Piekielny kierowca ZTM (WTP) Warszawa. Nie podam nr pokładowego autobusu tego piekielnika…

Piekielny kierowca ZTM (WTP) Warszawa. Nie podam nr pokładowego autobusu tego piekielnika bo chyba tu jest niepotrzebny (mam na myśli ten żółty nr nad kabiną kierowcy). Idzie mi o linię 742, trasa Os. Kabaty - Góra Kalwaria (Rynek), odjazd z Os. Kabaty godz. 14:05. Dziś, 09.08.2022, czekałem na przystanku Waflowa 03 w kierunku Góry Kalwarii na rozkładowy przyjazd autobusu na godz. 14:17. Jestem osobą niepełnosprawną w stopniu znacznym i mam 44 lata. Kierowca POJECHAŁ Z PREMEDYTACJĄ ZŁĄ TRASĄ: pojechał PROSTO drogą Warszawa - Konstancin-Jeziorna (tą główną kilkupasmową) zamiast skręcić w lewo na światłach w ul. Przekorną a potem w prawo w ul. Przyczółkową by dojechać właśnie do przystanku Waflowa 03, na którym czekałem. O tym wszystkim poinformowała mnie moja mama przez komórkę bo dziś wyjątkowo była w tym autobusie właśnie.
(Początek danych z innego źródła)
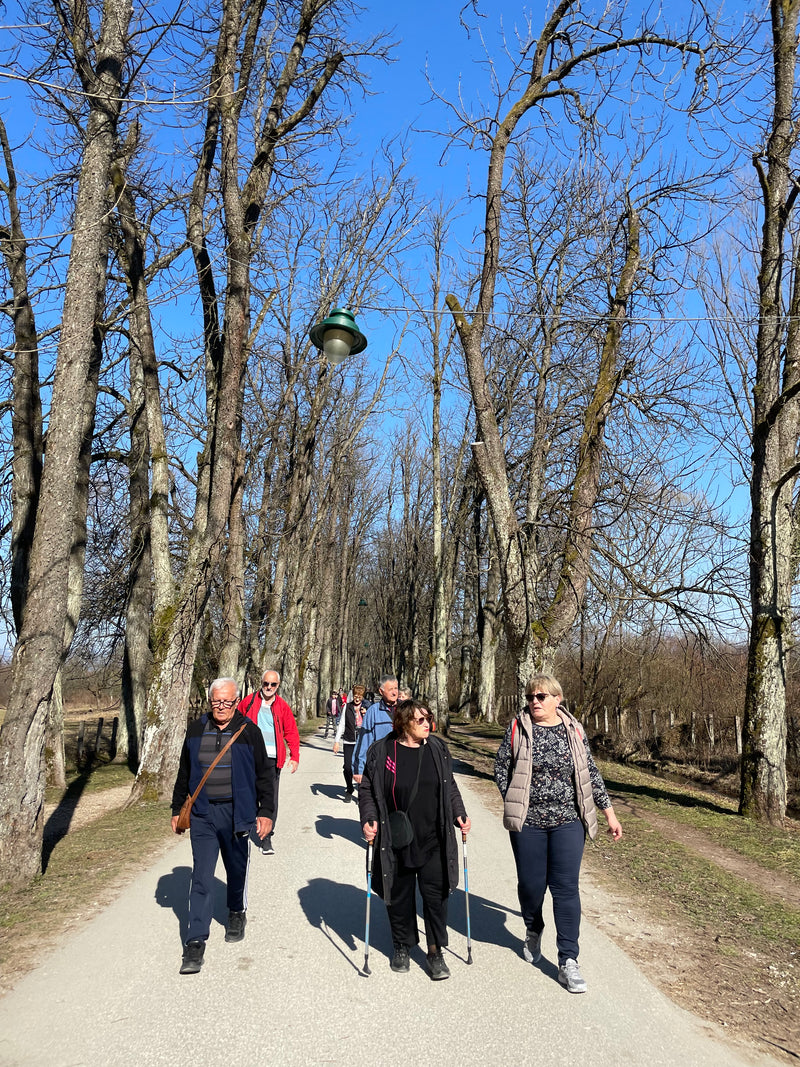 Lječilište Banja Terme Ilidža (10 dana)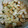 ユツカリンリン's cooksnap of when they made トロ〜りチーズの厚揚げ焼き.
Na mamy uwagę co do pomylonej trasy powiedział: ,,Wiem'' stąd ja i mama wiemy, że zrobił to z premedytacją, specjalnie. Autobus wrócił na rozkładową trasę dopiero na rondzie w Konstancinie-Jeziornej, na tym rondzie koło McDonalda. Kierowca nie okazał też żadnej skruchy, nie przeprosił mojej mamy i mnie (po moim wejściu do autobusu na przystanku Waflowa 03). Gdyby szczęśliwym dla mnie przypadkiem mamy nie było w autobusie to przecież nie zainterweniowałaby i kierowca nie wróciłby na trasę rozkładową tylko jechałby sobie nadal główną drogą do Góry Kalwarii a ja bym czekał na przystanku nie wiedząc co się dzieje, co kosztowałby mnie, niepełnosprawnego, olbrzymią masę nerwów i przerażenie tą niespodziewaną sytuacją. Moim zdaniem tacy ludzie, którzy specjalnie jadą inną trasą pomijając wiele przystanków pokazują, że mają w nosie pasażerów czekających na autobus no więc NIE NADAJĄ SIĘ NA KIEROWCĘ. Od razu mówię (jakbyście mieli zastrzeżenia), ze oczywiście od razu w domu napisałem skargę na oficjalnym formularzu skarg na str. ZTMu (WTP) Warszawa.
PS. Sprawdziłem w Regulaminie ZTM (WTP) na necie, że ,,3.4. Zabroniona jest samowolna zmiana trasy przez prowadzącego pojazd, która skutkowałaby pominięciem przystanku". No to piekielnik się doigrał :) Będzie mieć gorąco na dywaniku u dyra czy tam innego swojego zwierzchnika i chyba to jego koniec przygód za kółkiem ZTMu (WTP) Warszawa :)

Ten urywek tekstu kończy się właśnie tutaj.